За час до рассвета подоспели новости. Принесли сутенера, его кто-то порезал бритвой; вслед за ним в госпиталь ворвалась толпа и рассказала пять разных версий истории. Джека-потрошителя поймали и держат в полицейском участке, личность его скрывают, так как он – из королевской семьи. Джек выпотрошил дюжину у всех на виду и скрылся от преследователей, перепрыгнув через двадцатифутовую стену с помощью пружин в ботинках. У Джека серебряный череп, вместо рук – окровавленные косы, а изо рта вырывается огонь[149]. Констебль же изложил голые факты. Джек убил. Снова. Сначала Элизабет Страйд. А теперь Кэтрин Эддоус. «Кэти!» Новость потрясла Женевьеву. Еще одна женщина, которую она так и не успела толком узнать.
– Она была тут в прошлом месяце, – сказал Моррисон. – Лиз Страйд. Как раз обращалась и нуждалась в крови. Вы бы ее запомнили, если бы увидели. Высокая такая, с виду похожа на иностранку. Шведку. Красивая женщина была.
– Двух зараз режет, – хмыкнул констебль, – дьявол, от его прыти впору в восторг прийти.
Все снова вышли на улицу, уже во второй или третий раз, толпа растеклась из Холла. Женевьева осталась одна в тишине рассвета. Время проходило, и каждое новое зверство становилось лишь еще одной деталью в ужасающей монотонности убийств. Лили высушила ее досуха. Она больше ничего не чувствовала. Для Лиз Страйд или Кэти Эддоус горя не осталось.

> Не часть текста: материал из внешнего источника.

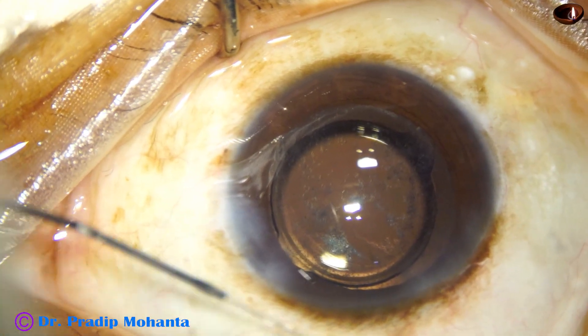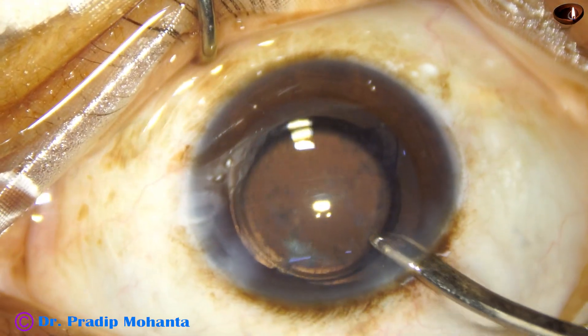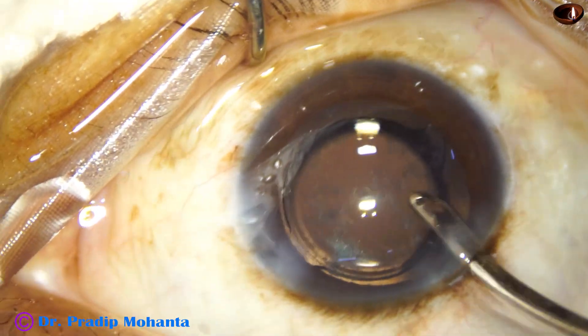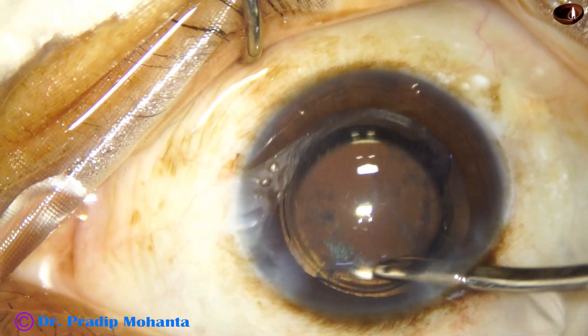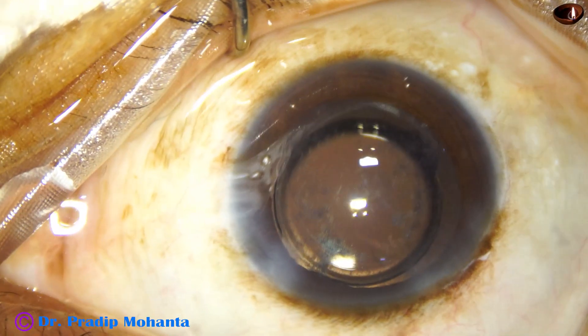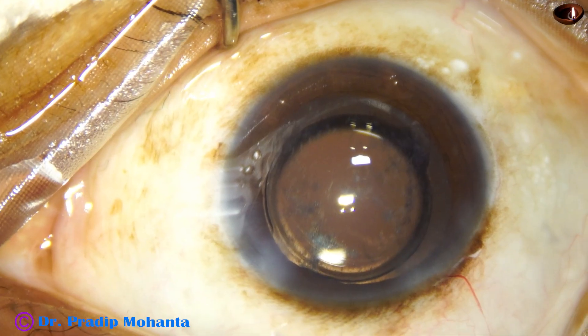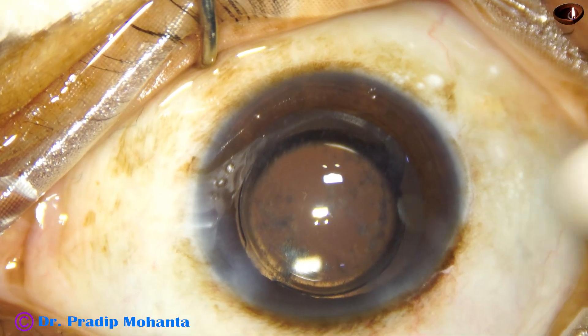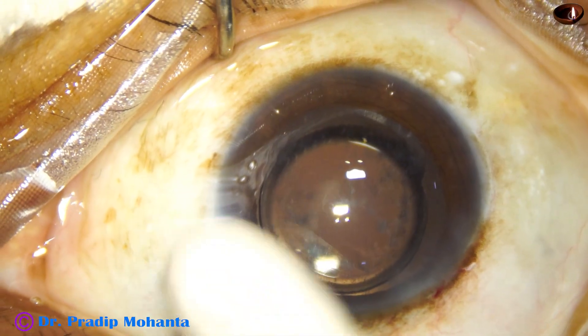The side port is closed by corneal stromal hydration. Most of the time my main wound is such that it will not require any hydration. What I do is come at the main wound with the Simcoe, fill up the chamber, and come out. I check with a cotton-tipped Johnson Bart if there is any leakage. No leakage is there. So here we conclude the case.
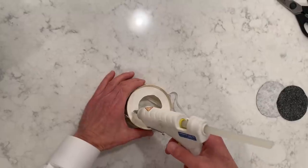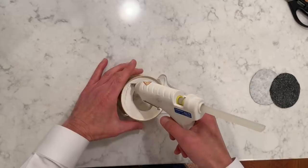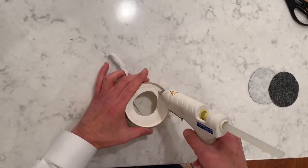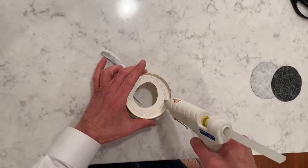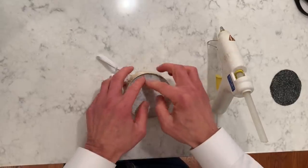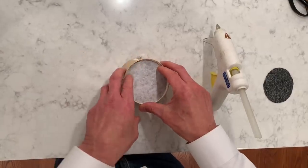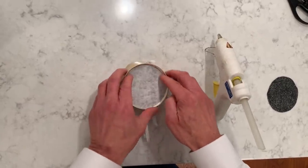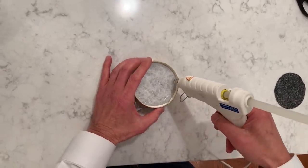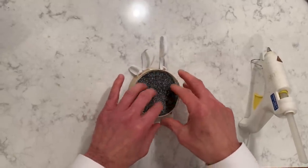Next we're going to glue the filter in place. I'm using a hot glue gun here — liquid glue will also work. It's important that the bead is continuous so that there are no air leaks. Put down the first filter with the microfiber side up. One filter would be sufficient but just to be safe I'm going to use two filters. That's two layers of the MERV-16 filter.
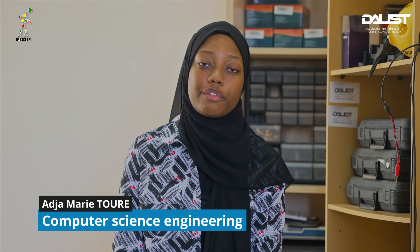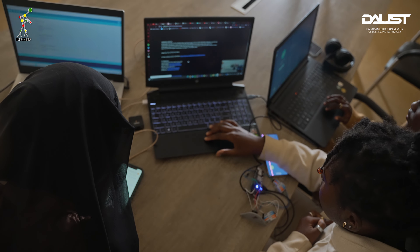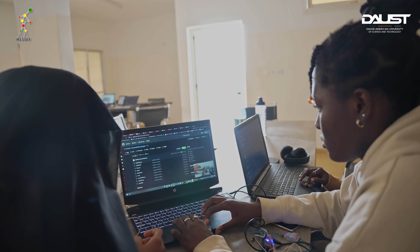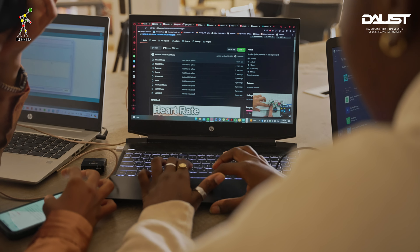I will be talking about the key steps for this project. First, we have the design — a 3D design that was printed. We also have the technical part, which includes the Arduino boards and the display screen put together to make this project work. The key steps are to write the code for the Arduino board and Arduino display, and also to design our prototype using Fusion.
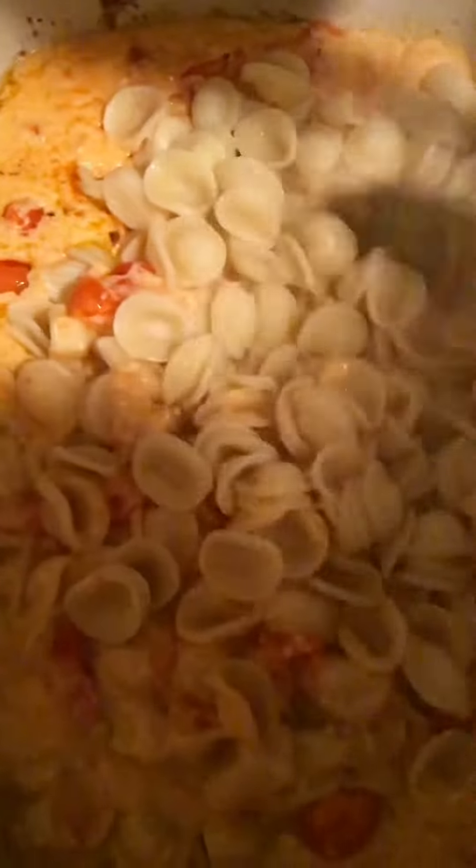I decided to use the orecchietti pasta. I wanted a pasta that would really allow me to taste the sauce, and I want to tell you — if you make this pasta, it definitely goes through some serious transformations. So just keep stirring and don't get discouraged if it's not pretty at first.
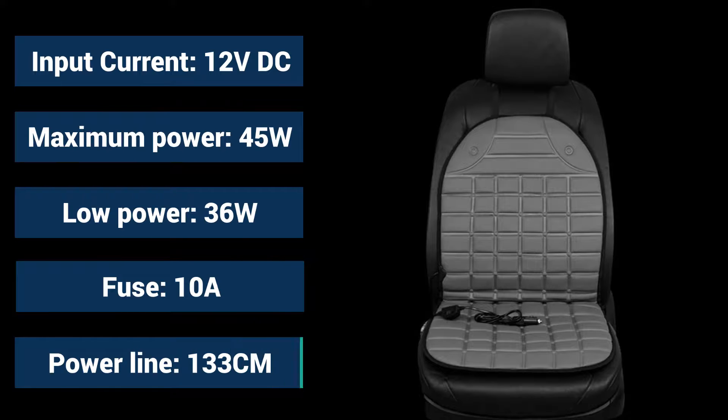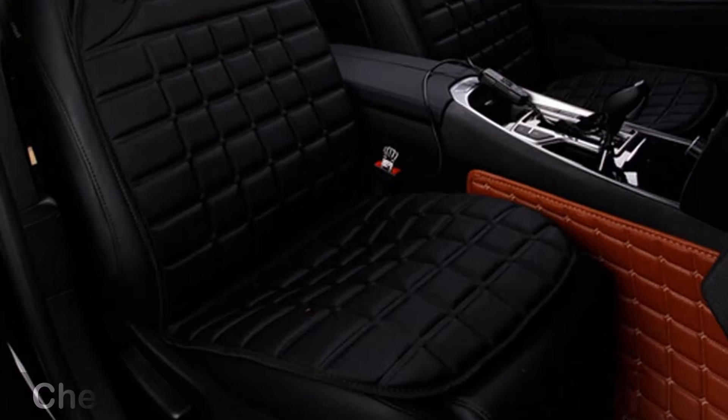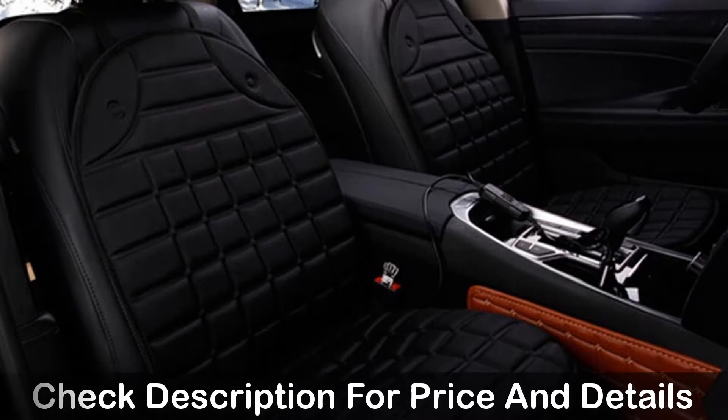Heated features: Input current 12 volt DC. Maximum power consumption 45 watt, low power consumption 36 watt. Fuse 10A. Power line 133 cm.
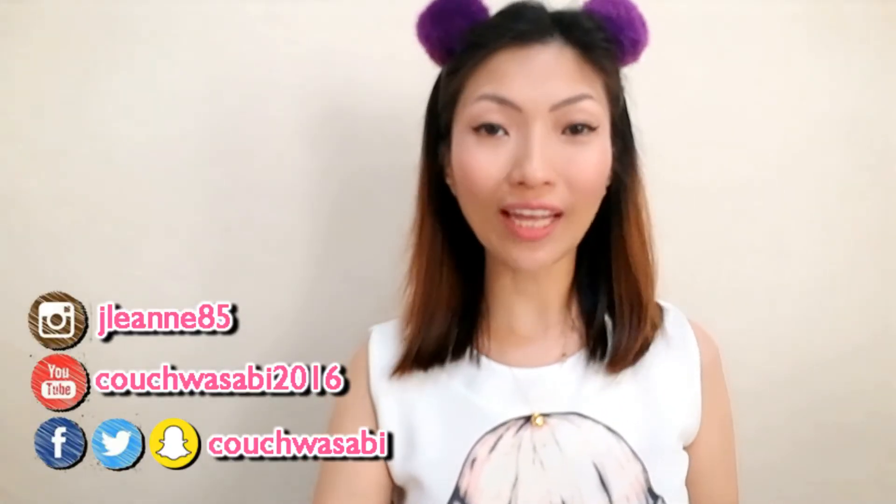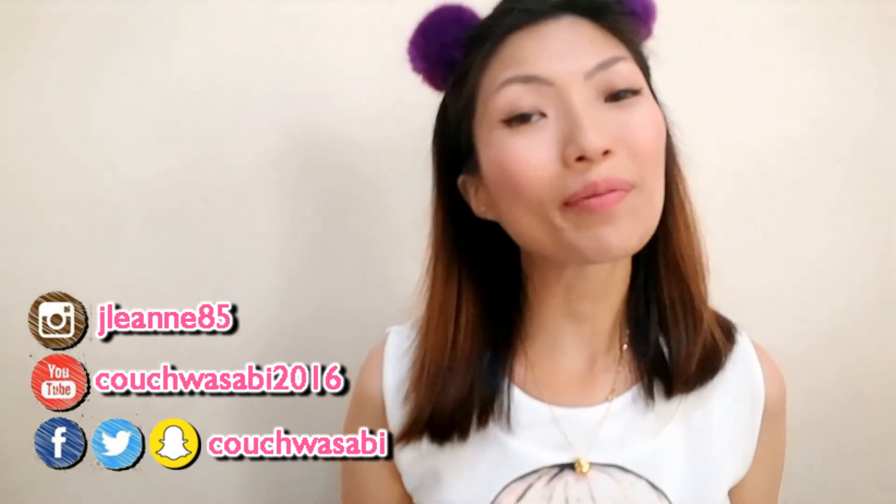To all you girls out there who struggle with cat's eye or winged liner, you better get a hold of these. Anyway, that's all for today. If you enjoyed watching this video, don't forget to hit thumbs up and subscribe to my channel for more videos. Don't forget to click the notification bell so you can see my videos as soon as I upload them. I'll see you in my next video!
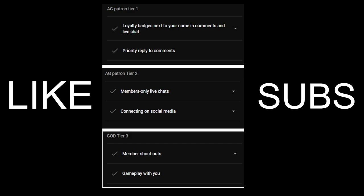Before we begin, remember to like and subscribe if you're new. If you're a returning viewer, welcome back — you can like the video if you find it helpful. If you're interested in becoming a member, please check out the perks on the screen.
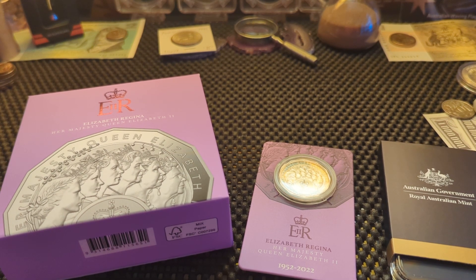G'day and welcome to Heads or Tails Down Under Coins. In this video we're going to be looking at the newest Australian 50 cent coin. Elizabeth Regina — Her Majesty Queen Elizabeth the Second. Newest coins with a silver coin.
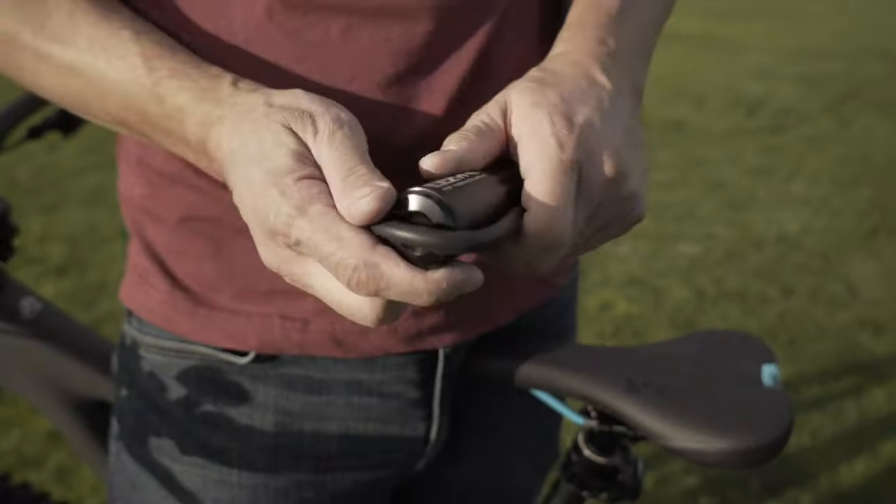The three systems in here are: it's a high volume hand pump, a CO2 inflator, and a tubeless tire repair kit.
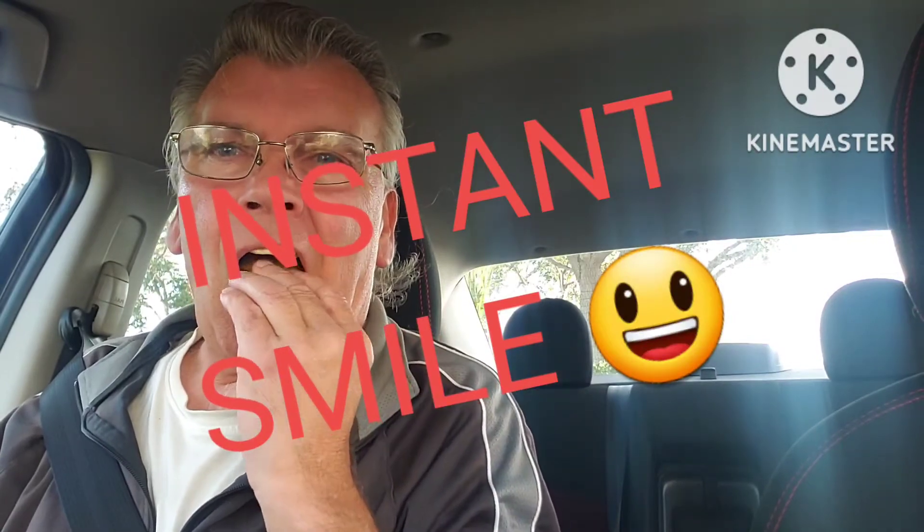Don't get the imitation — make sure it's Insta Smile. Insta Smile. Looks pretty good.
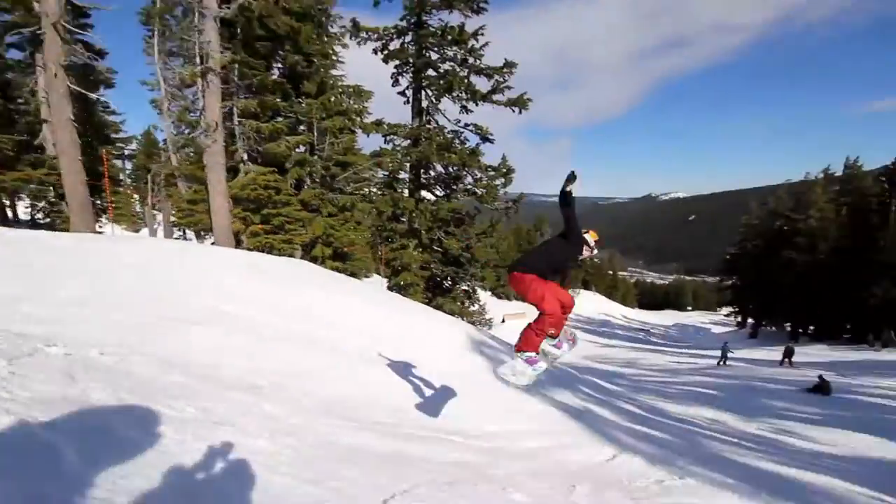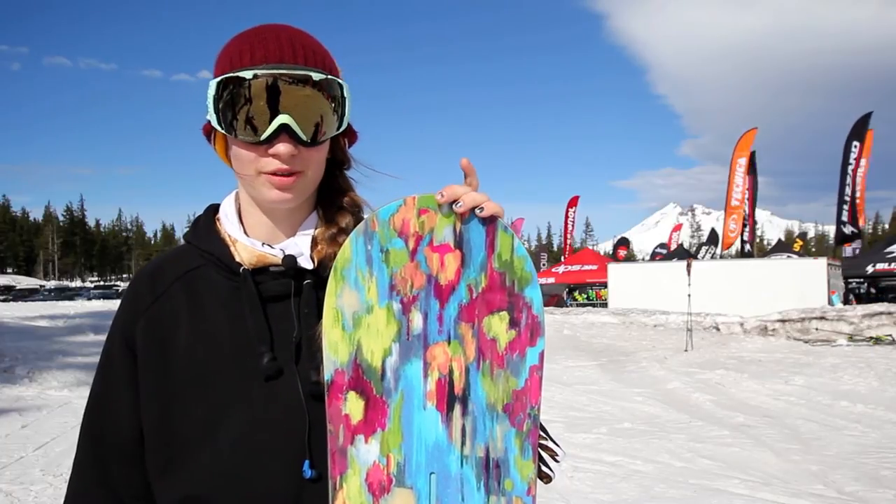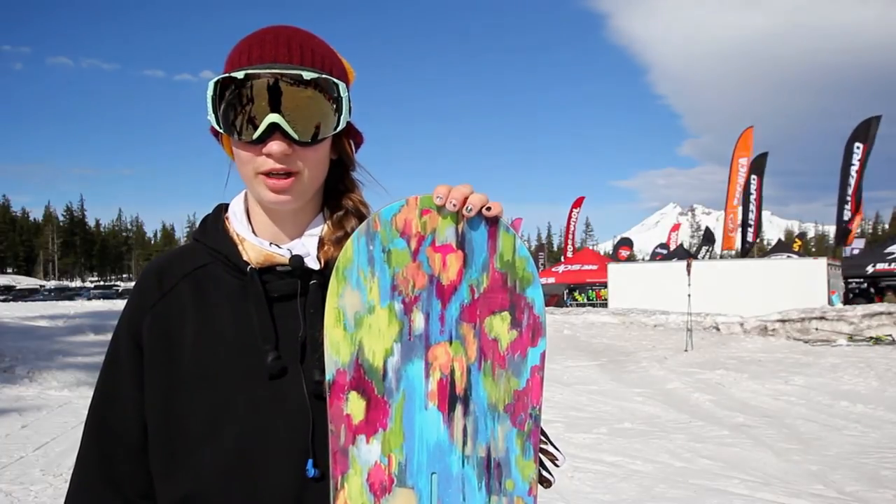Once again, this is Brittany from Tactics riding the Burton 2016 Feel Good Flying V. If you have any questions about this board or anything else, hit tactics.com — I'll help you out.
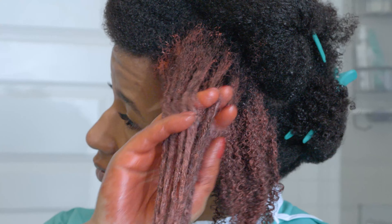What's up you guys? Today I'm going to show you how to apply our color wax. I'm using the color alter ego. So this is my before hair.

Когда поднялось солнце, Женевьева задремала в кресле. Она устала держать все под контролем и знала, что произойдет дальше. С каждым убийством все становилось только хуже. Вскоре в Холле обязательно появятся несколько проституток и, плача, в истерике станут просить денег, дабы сбежать из смертельной западни Уайтчепела. Вот только этот район превратился в ловушку задолго до того, как Потрошитель посеребрил свои ножи.
В полусне Женевьева снова стала «теплой», сердце ее горело от злости и боли, глаза жгло от праведных слез. За год до Темного Поцелуя она плакала навзрыд из-за новостей из Руана. Англичане сожгли Жанну д’Арк, не погнушавшись клеветой, назвав ее ведьмой. В четырнадцать лет Женевьева поклялась в верности делу дофина, участвовала в войне детей, которых их собственные наставники довели до крайностей и кровопролития. Жанна так и не увидела свой девятнадцатый день рождения, Карл был подростком; даже Генрих Английский – всего лишь ребенком. Их ссоры могли уладить волчки да юлы, а не армии и осады. Теперь умерли не только короли-мальчишки, но и их династии. Франция превратилась в страну столь же чуждую для Женевьевы, как и Монголия, вовсе не имея короля. Какая-то часть крови Генриха IV еще текла в немецких жилах Виктории, но теперь она, наверное, растеклась по всему миру, добравшись до Лили Майлетт и Кэти Эддоус, Джона Джейго или Артура Моррисона.
В приемной опять поднялась – уже в который раз – суматоха. Днем Женевьева ожидала наплыва раненых. После убийств обязательно будут стычки, появятся жертвы уличных мстителей, а возможно, дело дойдет и до линчеваний в американском стиле…
В зале стояли четверо полицейских в униформе, между ними висело что-то тяжелое, завернутое в промасленную ткань. Лестрейд жевал собственные усы. Констеблям пришлось чуть ли не с боем пробиваться сквозь враждебную толпу.